## PROVIDED DATA
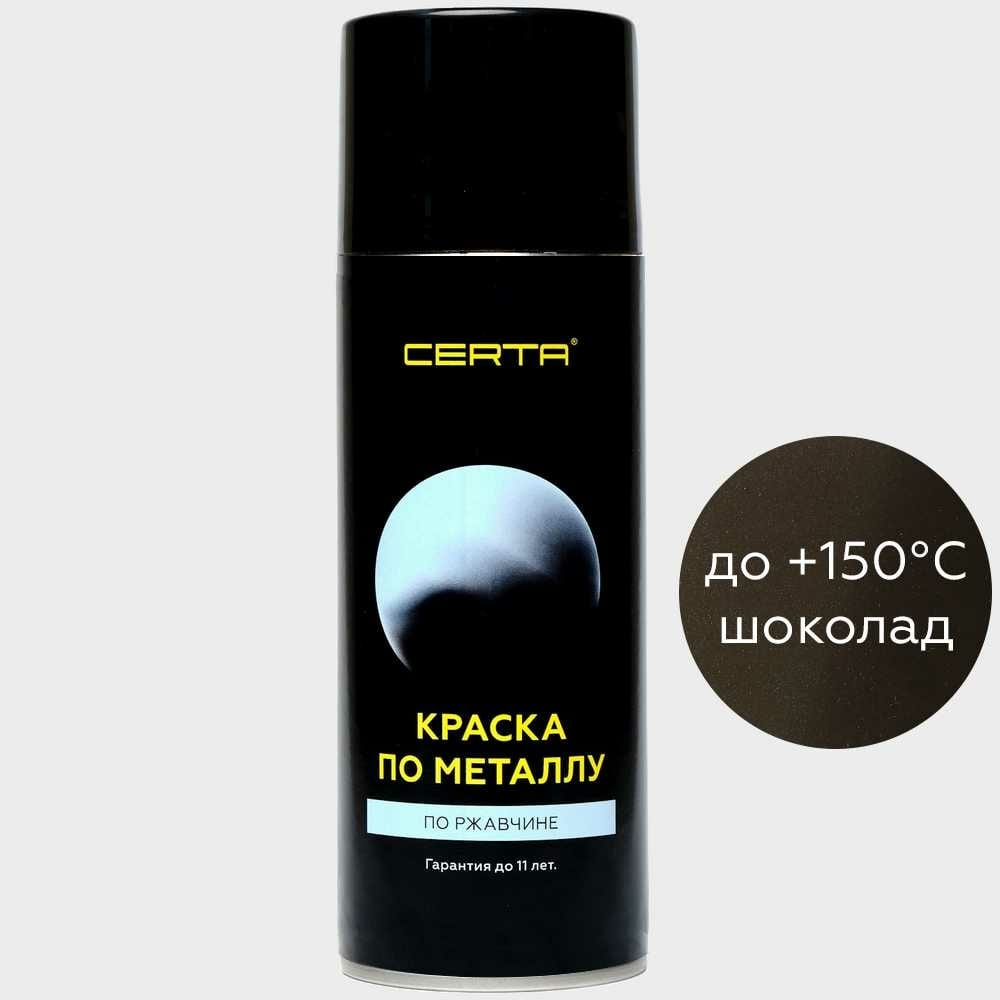 

Краска по металлу Certa (шоколад; аэрозоль) KRGL0019, Коричневый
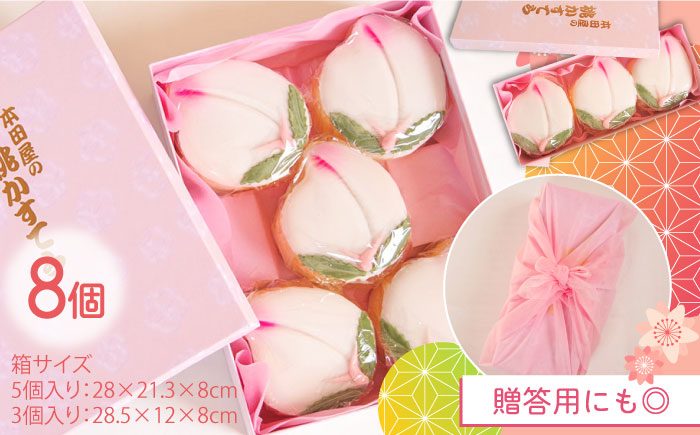 【2026年2月～発送】【ひなまつり着日指定可】 桃カステラ 8個入り / 節句 / 南島原市 / 本田屋かすてら本舗 [SAW056]
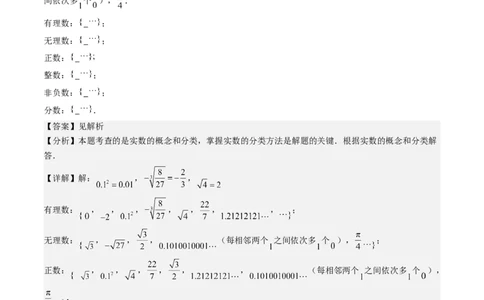 第二章第08讲易错易混淆集训：实数(4类热点易错题型讲练)（解析版）_北师大初中数学_8上-北师大版初中数学_旧版_05习题试卷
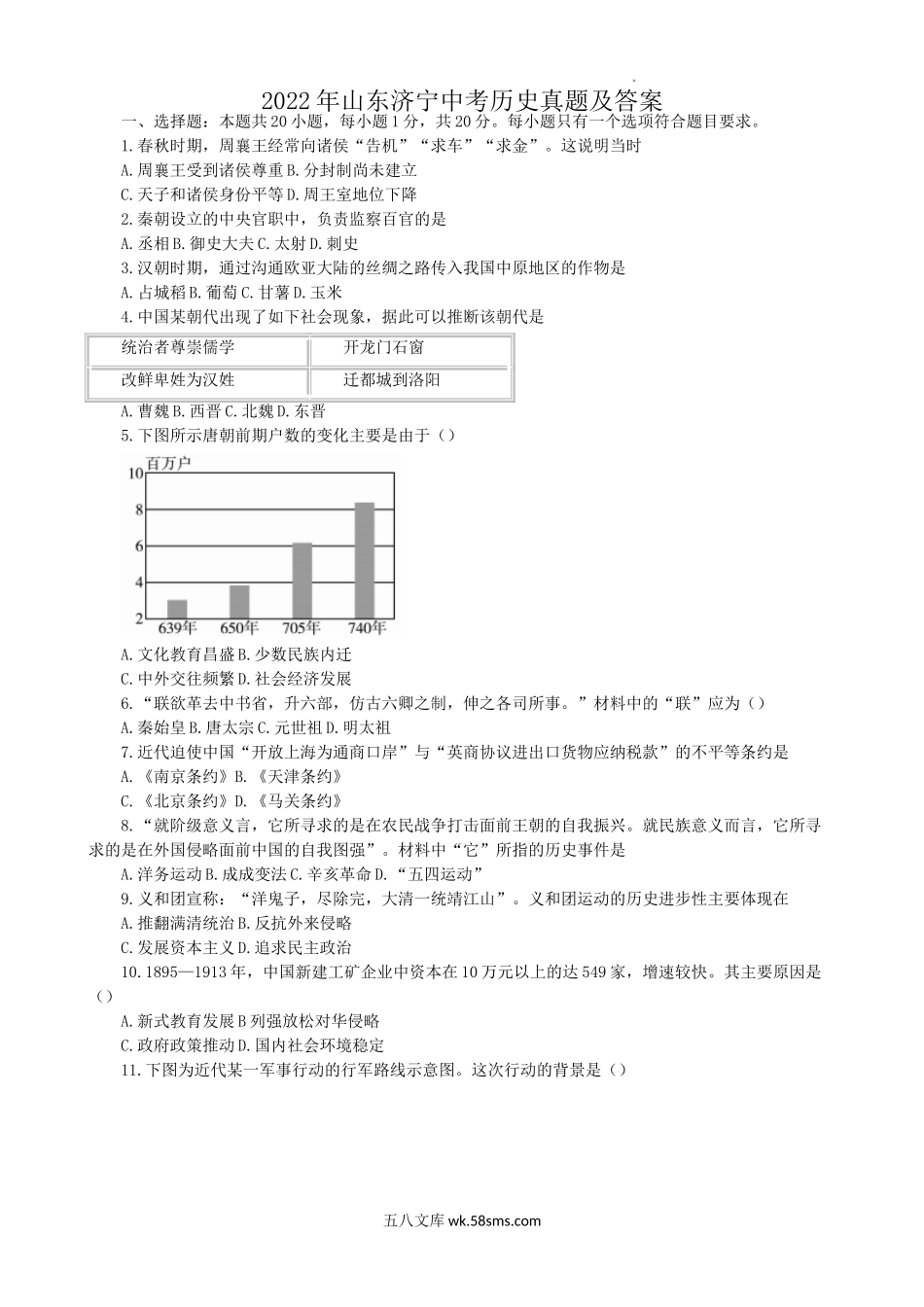 2022年山东济宁中考历史真题及答案.doc_第1页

## WHAT TO DO
Once the pictures are set aside, please output all the data word for word.

## TASK ANSWER
Краска по металлу Certa (шоколад; аэрозоль) KRGL0019, Коричневый
 【2026年2月～発送】【ひなまつり着日指定可】 桃カステラ 8個入り / 節句 / 南島原市 / 本田屋かすてら本舗 [SAW056]
 第二章第08讲易错易混淆集训：实数(4类热点易错题型讲练)（解析版）_北师大初中数学_8上-北师大版初中数学_旧版_05习题试卷
 2022年山东济宁中考历史真题及答案.doc_第1页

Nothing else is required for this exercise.